Elizabeth Muses about Writing, Reading, and Her New Book

OMG, it's the first of May and I have a new book out. Not just a new book, but a new series, The Legend of the Four Soldiers, which will be either a quadrilogy, a quartet, or a four-book series, depending on your personal preference. And for anyone who reads Romantic Times BOOKreviews (*ahem*!) this is what the cover of To Taste Temptation looks like:



Just remember BLUE and you won't go wrong.

So anyway on to the topic of this post, which is how after you've spent months--sometimes years--writing a book and talking to the characters you've thought up out of thin air, that book gets published and somebody who is not even related to you reads the darn thing. For an author this can be a little, well, problematic. This is because the reader has her own history, life experience, and values, and what she reads in the book may not be what the writer thought she put there.

For instance.

In To Taste Temptation, my hero, Samuel Hartley, is a self-made Colonial with blunt manners and a down-to-earth approach to life.

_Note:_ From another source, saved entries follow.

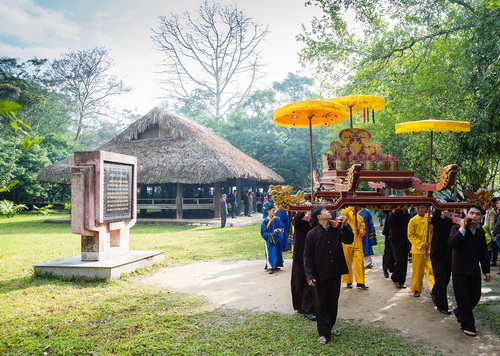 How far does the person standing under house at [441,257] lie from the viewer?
514cm

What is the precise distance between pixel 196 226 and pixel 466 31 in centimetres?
1207

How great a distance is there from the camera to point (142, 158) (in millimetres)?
18172

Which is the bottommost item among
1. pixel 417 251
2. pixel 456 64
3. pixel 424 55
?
pixel 417 251

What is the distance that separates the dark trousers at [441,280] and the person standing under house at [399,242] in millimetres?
1120

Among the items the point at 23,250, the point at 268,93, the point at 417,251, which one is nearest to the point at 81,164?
the point at 23,250

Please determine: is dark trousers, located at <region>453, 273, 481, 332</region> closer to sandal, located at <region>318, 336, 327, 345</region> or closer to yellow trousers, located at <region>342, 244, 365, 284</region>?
sandal, located at <region>318, 336, 327, 345</region>

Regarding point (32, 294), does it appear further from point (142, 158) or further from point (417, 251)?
point (142, 158)

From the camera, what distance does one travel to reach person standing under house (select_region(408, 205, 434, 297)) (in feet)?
19.1

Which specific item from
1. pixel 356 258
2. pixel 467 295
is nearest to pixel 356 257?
pixel 356 258

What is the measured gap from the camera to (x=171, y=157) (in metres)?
17.8

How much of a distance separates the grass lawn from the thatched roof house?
973cm

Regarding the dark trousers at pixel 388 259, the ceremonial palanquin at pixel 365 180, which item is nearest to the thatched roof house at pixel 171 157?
the dark trousers at pixel 388 259

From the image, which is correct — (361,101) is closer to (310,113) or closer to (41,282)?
(310,113)

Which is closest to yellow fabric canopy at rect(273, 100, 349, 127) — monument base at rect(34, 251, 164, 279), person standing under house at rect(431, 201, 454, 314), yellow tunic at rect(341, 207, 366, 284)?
yellow tunic at rect(341, 207, 366, 284)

At least that's how I thought I'd written him. But already I've heard from reviewers who have called him things like brute--and this was a good review, mind you.

This is the point where I have to remind myself that once the book is written, once it's revised and edited and bound and sent out into the wide world, it no longer belongs to me, the writer. The published book belongs to the reader. I can't look over her shoulder and whisper, "Now this is how I meant this character to be." Nor should I. Reading a book is a very intimate experience. When it comes right down to it, it's just the reader and the words. I'm no longer in the picture. And if that reader thinks that Sam is a brute, well then she's right.

It's her book, after all.

Cheers!
Elizabeth Hoyt
www.elizabethhoyt.com
www.juliaharper.com

4 comments:

Shari Anton said...

Interesting post, Elizabeth! No matter what the writer meant to convey (and most readers will 'get it'), there's always someone who puts her particular spin to it. And you're right, it's the reader's book and her story. Well said!
Shari, who bought To Taste Temptation yesterday from the new releases rack at Barnes & Noble

Megan Crane said...

I'm intrigued that people think he's a brute. I adored him, and thought he was a perfectly sigh-worthy mixture of badass and wounded.

I can't wait for the rest of the series!

Elizabeth Hoyt said...

Okay, I STILL don't know how to do the avatar thing. I am so technologically lame!

Hope you like TEMPTATION, Shari!

Glad you found Sam sigh-worthy, Megan! ;-)

And I guess I should emphasize that the reviewer that called Sam a brute LIKED him. It's just that she saw some shades of him that I didn't. But I think her take on Sam is totally real--just different from my own.

Barbara Vey said...

I don't know the kind of men this reader has in her life, but I loved Sam. I'd save "brute" for the bad guy. But, once again, this is just my take on him.